Harper Collins, 2012. ISBN 978-0-00-733789-7. 389 pages

Set in Scotland, northern England and London in 1304-1307, The Lion At Bay is the second in Robert Low’s series about the Scottish Wars of Independence, following The Lion Wakes (reviewed here earlier). Robert Bruce, Isabel MacDuff Countess of Buchan, William Wallace and Edward I of England are important characters, and other historical figures including the future Edward II of England, ‘Red John’ Comyn of Badenoch and James Douglas also feature. The main characters, Sir Henry (Hal) Sientcler of Herdmanston, the members of his household, and Bruce’s henchman, spy and fixer Roger Kirkpatrick*, are fictional.

William Wallace is back in Scotland and resuming his fight against Edward I. Robert Bruce, whose secret ambition is to gain the Scottish throne for himself, has temporarily submitted to Edward I to further his feud with his arch-rivals, the Comyn family. Hal of Herdmanston is in the Bruce retinue, sick at heart for the loss of his home and his love Isabel MacDuff, who has reluctantly returned to her husband the Earl of Buchan. Murder, treachery and betrayal abound, as various factions search for the Black Rood of Scotland, stolen from Edward’s treasury in London. And when the Bruce-Comyn feud erupts into violence, Scotland is plunged yet again into war. 

Like its predecessor, The Lion At Bay is a gripping adventure novel with plenty of violent action, political scheming and a mystery sub-plot. Although the struggle that became known as the Wars of Independence has often been portrayed in later ages as a nationalistic fight between Scotland and England, at the time it was at least as much a Scottish civil war between powerful noble factions, chiefly the Bruce family and the Comyn family. This political chaos, with the Bruce-Comyn feud as apparently the only fixed point, provides a turbulent backdrop to the novel. Only one major battle features in this instalment, the battle of Methven (a disaster for Robert Bruce), but there is no shortage of other violent action, ranging from a knightly joust a l’outrance to a street brawl in a slaughterhouse, from siege to assassination and murder. The mystery sub-plot, a quest to recover the Black Rood of Scotland – necessary for the proper coronation of a King of Scots – and its fictional reliquary set with twelve magnificent rubies, forms a unifying thread to hold the narrative together. 

Robert Bruce is no idealised hero in this portrayal. He is harsh, ruthless, deceitful and capable of treachery and murder – occasionally with his own hand, more often via the enigmatic Kirkpatrick. Hal of Herdmanston, a minor Lothian lord who became a Bruce supporter almost by accident (recounted in The Lion Wakes) is ambivalent towards Bruce, repelled by some of his actions but fighting for him anyway.  If I have any quibble with this portrayal, it is that I am not entirely clear why men like Hal were willing to fight and suffer for Bruce, especially in the days after the disastrous battle of Methven when Bruce must have looked like a lost cause.
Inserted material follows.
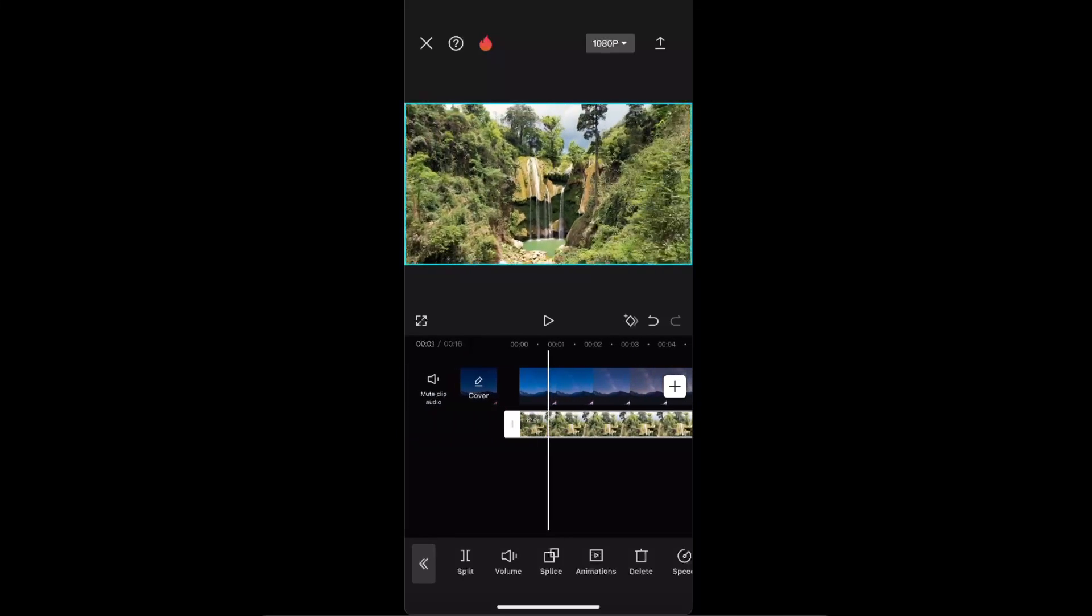Now when you have selected that overlay option, you can see that there is a third button, splice. So we want to click on that.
Perhaps because Bruce was the last man standing; perhaps because Edward I (nicknamed in the novel ‘The Covetous King’) had earned himself the undying hatred of a lot of Scots by then; perhaps because by this stage many were concerned less with Bruce personally and more with the abstract ideals of independence and a contract between people and king. The stirring words of the Declaration of Arbroath make an appearance more than once in The Lion At Bay. 

Many of the characters introduced in The Lion Wakes reappear in The Lion At Bay, older now and many growing weary of war. William Wallace has dwindled to an outlaw leader, ‘a monstrous frightener of bairns’, as he wryly muses to himself. Hal and Isabel are older, their love undiminished but thwarted by circumstances. Their love affair has a terrible poignancy amidst the sweetness, especially for a reader who knows Isabel’s eventual fate.  Even the indestructible Kirkpatrick is not immune from age and injury. Conversely, Dog Boy, who was a child in The Lion Wakes, has now grown into an energetic and able young man and become a key member of Hal’s retinue (and I was right about his parentage, which is confirmed in the character list).
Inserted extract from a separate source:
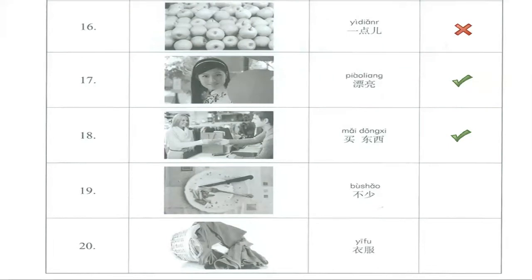19, bù shǎo, not a few, but there's nothing on the plate. So this one is incorrect.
The writing is vivid, with a vein of black humour and a scattering of Scots words and phrases to set the scene. Readers who find the Scots words problematic may like to bookmark the glossary at the back of the book where many of them are explained. A list of characters identifies those who are fictional and those who are historical figures, and a short Author’s Note outlines some of the underlying history and the fictional additions and alterations.

Gripping, violent adventure full of action and intrigue, set against the turbulence of the Scottish Wars of Independence in the early fourteenth century.


*Roger Kirkpatrick of Closeburn, he of the famous ‘Mak’ siccar’ line, is a historical figure. The Roger Kirkpatrick in Robert Low’s series is a fictional kinsman and namesake of the historical figure.